Penso que estamos perante uma situação em que uma sequência fonética que tinha uma dada estrutura sintáctica e semântica é reanalisada, alterando-se as relações estruturais iniciais. Este processo de reanálise tem alguma produtividade na mudança
linguística; por exemplo, o substantivo masculino aleijão deriva da forma feminina leijom através da reanálise da expressão «ũa leijom» como «um aleijão».

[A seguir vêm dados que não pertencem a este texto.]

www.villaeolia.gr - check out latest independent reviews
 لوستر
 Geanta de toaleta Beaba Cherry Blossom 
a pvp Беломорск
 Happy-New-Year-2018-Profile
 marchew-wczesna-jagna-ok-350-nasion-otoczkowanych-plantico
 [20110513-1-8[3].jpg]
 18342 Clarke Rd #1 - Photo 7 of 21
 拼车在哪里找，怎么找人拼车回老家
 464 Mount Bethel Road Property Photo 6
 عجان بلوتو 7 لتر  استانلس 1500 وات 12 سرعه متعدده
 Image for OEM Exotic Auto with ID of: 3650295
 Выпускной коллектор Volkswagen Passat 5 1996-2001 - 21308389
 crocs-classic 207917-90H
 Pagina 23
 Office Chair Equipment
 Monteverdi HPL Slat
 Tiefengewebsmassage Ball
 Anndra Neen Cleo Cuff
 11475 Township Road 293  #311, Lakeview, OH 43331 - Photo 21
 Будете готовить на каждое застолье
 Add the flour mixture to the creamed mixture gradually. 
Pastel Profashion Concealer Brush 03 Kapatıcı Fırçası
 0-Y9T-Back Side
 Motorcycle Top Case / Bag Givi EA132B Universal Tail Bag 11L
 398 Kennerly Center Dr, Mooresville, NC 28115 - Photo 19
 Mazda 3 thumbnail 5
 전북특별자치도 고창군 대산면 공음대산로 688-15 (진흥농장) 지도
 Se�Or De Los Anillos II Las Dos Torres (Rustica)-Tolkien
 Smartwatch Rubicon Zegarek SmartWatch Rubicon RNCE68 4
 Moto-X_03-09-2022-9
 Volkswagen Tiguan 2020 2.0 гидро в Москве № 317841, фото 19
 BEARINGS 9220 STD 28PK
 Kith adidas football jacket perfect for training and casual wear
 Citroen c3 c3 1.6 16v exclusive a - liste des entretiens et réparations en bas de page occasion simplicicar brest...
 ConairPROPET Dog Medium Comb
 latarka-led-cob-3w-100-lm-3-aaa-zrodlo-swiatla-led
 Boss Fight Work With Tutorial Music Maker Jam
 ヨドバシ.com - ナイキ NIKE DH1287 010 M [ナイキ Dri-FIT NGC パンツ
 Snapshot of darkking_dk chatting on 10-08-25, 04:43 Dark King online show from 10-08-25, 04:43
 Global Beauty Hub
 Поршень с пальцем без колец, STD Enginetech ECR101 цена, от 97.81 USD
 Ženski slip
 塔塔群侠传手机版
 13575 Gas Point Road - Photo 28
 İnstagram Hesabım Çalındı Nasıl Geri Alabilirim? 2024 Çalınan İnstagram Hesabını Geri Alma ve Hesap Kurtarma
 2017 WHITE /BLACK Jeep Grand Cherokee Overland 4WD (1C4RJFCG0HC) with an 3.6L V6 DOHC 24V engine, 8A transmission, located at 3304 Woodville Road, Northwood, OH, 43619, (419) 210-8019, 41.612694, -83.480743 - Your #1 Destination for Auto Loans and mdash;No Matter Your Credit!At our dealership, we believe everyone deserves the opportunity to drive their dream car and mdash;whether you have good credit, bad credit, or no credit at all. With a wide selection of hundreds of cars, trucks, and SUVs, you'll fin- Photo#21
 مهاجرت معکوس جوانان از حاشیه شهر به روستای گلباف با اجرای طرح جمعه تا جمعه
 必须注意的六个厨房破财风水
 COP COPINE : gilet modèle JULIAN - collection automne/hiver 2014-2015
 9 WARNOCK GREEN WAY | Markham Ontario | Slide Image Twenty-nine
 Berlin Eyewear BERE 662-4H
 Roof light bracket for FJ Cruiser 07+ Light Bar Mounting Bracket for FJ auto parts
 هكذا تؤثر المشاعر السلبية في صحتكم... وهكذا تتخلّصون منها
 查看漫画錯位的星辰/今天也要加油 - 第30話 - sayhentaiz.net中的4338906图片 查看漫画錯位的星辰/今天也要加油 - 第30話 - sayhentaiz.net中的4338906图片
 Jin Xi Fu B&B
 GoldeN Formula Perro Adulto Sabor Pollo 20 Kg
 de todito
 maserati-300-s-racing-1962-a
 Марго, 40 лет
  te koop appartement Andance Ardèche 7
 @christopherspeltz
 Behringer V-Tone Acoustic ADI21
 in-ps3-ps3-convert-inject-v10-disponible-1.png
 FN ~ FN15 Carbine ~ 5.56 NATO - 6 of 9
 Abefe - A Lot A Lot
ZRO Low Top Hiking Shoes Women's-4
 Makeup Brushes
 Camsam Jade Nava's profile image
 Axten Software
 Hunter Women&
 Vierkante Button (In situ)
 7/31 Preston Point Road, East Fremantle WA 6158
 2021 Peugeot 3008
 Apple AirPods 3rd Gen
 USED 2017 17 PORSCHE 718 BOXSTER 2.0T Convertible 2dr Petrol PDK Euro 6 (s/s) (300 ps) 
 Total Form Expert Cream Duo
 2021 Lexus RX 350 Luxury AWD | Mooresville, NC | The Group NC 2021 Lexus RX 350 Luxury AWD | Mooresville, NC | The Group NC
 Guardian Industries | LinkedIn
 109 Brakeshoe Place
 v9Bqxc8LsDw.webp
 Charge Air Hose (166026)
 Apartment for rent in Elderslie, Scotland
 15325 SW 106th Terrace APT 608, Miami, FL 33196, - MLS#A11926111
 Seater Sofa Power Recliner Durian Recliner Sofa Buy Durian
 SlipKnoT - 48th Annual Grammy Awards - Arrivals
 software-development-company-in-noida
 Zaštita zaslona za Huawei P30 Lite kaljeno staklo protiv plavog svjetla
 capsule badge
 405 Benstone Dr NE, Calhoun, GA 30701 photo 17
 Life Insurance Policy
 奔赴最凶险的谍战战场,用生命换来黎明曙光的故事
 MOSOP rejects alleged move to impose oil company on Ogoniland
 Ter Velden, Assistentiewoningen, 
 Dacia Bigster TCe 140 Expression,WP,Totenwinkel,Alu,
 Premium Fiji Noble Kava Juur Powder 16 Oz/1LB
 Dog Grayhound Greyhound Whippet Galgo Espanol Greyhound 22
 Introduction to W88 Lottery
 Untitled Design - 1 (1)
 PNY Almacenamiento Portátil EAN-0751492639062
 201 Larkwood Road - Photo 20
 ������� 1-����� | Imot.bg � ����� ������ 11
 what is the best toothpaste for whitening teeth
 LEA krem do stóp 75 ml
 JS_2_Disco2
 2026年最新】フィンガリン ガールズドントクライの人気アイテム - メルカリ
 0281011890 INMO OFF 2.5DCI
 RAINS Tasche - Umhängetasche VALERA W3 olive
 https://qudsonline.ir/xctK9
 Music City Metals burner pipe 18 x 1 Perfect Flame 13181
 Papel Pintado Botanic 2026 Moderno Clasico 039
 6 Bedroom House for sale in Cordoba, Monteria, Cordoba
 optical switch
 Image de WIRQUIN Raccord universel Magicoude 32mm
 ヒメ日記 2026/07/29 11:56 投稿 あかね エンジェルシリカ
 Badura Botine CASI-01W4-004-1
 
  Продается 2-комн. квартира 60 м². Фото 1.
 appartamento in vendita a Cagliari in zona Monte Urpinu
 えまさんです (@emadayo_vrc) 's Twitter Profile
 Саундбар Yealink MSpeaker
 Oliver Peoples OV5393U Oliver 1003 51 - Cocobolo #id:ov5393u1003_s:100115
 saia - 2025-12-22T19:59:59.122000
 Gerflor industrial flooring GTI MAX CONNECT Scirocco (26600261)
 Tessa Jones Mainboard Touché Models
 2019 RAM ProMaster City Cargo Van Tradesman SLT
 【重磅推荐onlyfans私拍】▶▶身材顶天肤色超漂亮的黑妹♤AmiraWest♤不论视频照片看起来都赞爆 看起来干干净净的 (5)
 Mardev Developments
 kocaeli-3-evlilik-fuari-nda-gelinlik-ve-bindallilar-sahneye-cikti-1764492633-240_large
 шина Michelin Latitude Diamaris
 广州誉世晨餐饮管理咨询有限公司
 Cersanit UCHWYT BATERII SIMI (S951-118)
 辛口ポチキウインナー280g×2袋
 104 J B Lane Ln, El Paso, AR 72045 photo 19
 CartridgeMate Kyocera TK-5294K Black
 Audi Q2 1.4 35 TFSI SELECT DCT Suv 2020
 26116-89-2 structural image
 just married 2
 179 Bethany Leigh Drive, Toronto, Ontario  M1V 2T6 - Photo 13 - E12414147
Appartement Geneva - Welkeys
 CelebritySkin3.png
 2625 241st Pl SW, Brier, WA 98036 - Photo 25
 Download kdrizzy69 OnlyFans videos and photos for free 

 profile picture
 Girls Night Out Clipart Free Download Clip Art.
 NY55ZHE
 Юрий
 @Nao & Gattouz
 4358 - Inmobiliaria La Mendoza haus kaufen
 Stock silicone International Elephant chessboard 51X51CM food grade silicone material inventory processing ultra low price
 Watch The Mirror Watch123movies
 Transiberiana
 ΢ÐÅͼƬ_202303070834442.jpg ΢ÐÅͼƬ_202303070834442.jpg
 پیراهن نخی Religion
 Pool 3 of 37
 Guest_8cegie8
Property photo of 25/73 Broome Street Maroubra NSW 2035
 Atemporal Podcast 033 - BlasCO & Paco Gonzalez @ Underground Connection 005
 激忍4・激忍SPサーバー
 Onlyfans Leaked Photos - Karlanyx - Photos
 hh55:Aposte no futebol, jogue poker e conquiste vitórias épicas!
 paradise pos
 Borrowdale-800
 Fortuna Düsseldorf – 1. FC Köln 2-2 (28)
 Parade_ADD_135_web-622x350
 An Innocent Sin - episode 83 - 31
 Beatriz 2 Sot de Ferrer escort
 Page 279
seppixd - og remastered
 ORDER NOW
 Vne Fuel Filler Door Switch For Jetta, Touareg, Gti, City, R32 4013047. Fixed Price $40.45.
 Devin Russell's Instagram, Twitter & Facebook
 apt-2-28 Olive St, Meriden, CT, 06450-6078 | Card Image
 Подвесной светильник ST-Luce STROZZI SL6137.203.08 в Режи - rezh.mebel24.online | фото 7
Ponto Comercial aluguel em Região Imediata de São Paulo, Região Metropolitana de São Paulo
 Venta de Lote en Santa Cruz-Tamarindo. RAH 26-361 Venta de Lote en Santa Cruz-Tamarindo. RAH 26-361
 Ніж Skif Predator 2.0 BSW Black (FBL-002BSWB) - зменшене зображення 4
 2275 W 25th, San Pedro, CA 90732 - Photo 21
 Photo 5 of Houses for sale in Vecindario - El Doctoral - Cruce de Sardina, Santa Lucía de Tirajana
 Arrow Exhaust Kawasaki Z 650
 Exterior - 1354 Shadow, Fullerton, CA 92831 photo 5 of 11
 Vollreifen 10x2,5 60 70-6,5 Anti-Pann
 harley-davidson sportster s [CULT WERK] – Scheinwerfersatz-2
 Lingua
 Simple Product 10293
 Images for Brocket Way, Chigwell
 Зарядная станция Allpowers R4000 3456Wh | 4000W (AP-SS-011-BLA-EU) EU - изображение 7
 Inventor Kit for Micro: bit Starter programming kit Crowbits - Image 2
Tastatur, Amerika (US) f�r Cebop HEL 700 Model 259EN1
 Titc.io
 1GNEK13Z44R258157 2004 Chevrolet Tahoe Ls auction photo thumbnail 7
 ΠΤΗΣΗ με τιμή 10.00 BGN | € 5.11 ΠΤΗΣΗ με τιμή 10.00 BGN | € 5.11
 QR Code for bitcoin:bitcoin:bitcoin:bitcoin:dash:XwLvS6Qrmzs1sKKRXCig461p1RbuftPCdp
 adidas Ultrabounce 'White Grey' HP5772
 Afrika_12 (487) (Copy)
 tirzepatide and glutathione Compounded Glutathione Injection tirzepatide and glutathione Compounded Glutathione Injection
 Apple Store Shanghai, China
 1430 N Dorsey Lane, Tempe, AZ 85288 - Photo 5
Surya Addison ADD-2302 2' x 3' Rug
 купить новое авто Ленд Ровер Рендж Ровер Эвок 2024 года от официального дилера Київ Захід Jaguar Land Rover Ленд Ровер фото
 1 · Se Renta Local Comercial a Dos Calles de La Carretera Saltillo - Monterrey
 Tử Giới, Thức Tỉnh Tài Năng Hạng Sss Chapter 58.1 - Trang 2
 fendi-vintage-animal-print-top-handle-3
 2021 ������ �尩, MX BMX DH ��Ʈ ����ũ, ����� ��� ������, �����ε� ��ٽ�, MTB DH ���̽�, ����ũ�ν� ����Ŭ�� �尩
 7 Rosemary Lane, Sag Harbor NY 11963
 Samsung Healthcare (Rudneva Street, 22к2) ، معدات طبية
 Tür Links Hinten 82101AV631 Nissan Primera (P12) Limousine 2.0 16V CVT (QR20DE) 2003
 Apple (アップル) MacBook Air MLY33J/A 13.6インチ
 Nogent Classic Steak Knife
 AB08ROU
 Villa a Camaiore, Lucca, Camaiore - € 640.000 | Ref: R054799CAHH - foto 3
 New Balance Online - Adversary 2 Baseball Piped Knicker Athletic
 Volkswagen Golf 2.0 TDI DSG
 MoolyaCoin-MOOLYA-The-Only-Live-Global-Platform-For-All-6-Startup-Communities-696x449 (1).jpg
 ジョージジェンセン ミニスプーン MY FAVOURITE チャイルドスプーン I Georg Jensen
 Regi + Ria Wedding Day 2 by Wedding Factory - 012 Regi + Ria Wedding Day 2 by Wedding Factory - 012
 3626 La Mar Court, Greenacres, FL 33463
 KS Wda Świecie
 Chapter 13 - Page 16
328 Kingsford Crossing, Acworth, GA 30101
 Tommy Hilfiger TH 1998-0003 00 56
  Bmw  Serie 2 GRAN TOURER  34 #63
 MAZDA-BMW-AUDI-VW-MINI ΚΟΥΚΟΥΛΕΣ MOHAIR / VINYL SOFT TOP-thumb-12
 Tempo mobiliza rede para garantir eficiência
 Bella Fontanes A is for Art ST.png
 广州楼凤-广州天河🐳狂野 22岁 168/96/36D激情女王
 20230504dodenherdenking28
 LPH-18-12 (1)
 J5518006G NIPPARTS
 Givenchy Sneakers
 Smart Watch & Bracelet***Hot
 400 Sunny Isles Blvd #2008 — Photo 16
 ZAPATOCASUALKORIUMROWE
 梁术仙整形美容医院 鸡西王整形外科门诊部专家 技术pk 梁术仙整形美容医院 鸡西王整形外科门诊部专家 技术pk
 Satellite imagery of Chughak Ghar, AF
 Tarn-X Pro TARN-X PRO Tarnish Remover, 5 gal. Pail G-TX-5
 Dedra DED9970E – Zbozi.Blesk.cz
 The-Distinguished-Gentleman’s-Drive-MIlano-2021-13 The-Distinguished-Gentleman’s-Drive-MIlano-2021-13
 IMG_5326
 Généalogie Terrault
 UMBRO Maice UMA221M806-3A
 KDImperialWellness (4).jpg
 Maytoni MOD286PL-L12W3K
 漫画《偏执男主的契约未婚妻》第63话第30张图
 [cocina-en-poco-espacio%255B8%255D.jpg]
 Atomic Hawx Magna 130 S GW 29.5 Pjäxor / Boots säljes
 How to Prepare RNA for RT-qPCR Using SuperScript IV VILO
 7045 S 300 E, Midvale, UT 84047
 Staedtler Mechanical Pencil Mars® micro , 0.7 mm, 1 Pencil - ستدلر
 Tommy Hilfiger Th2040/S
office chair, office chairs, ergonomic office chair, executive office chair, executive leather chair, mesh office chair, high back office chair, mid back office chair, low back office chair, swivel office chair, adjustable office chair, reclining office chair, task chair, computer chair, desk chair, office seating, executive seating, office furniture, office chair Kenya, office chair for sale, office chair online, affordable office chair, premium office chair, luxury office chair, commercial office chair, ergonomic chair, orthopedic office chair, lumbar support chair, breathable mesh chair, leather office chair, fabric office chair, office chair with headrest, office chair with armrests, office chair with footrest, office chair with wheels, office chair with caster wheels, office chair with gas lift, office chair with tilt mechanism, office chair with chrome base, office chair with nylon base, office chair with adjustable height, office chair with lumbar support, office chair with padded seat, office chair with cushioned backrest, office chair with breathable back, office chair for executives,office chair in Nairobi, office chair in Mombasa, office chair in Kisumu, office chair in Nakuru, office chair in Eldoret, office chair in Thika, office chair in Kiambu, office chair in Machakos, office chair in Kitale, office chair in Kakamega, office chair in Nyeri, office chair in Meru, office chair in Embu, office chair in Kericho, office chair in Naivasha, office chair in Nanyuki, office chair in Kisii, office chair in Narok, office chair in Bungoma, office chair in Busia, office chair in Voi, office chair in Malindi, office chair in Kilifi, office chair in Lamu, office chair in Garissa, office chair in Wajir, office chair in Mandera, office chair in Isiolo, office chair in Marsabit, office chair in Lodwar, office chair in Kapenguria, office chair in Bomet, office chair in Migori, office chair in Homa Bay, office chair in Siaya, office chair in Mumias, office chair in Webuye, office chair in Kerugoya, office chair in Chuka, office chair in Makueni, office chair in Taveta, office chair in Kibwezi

Deste modo, podemos supor que a expressão referida pelo consulente terá sido inicialmente «amanhã anda a roda», conforme se regista no Dicionário das Expressões Populares Portuguesas, de Guilherme Augusto Simões, que regista andar a roda, significando «a lotaria». Esta locução tinha provavelmente não só um valor descritivo, podendo ser parafraseada como «amanhã gira a tômbola», mas também uma função apelativa, chamando a atenção para o sorteio da lotaria.
No entanto, existe também a locução andar à roda, que está registada no Dicionário Houaiss da Língua Portuguesa, com a acepção de «realizar sorteio de loteria». Assim como no Dicionário da Língua Portuguesa Contemporânea, da Academia das Ciências de Lisboa, que tem a seguinte abonação: «1. Girar. "Ficou com a cabeça à roda". 2. Proceder-se ao sorteio da lotaria.» Além disso, andar à roda é genericamente «girar», «rodar». Há, pois, uma grande proximidade semântica entre «andar a roda» e «andar à roda».
Por outro lado, repare-se que «anda a roda» se pronuncia como «anda à roda», [andáRóda]. Na verdade, este aspecto é válido para o Brasil, mas também o é para Portugal, visto que, neste país, o [â] fechado da sílaba final de anda e o [â] fechado correspondente ao artigo a se contraem num único som, um [á] aberto, quando se diz «anda a roda». Sendo assim, os falantes podem interpretar «anda a roda», isto é, a «a tômbola gira», como «anda à roda», depreendendo pelo contexto que é a tômbola que «anda à roda».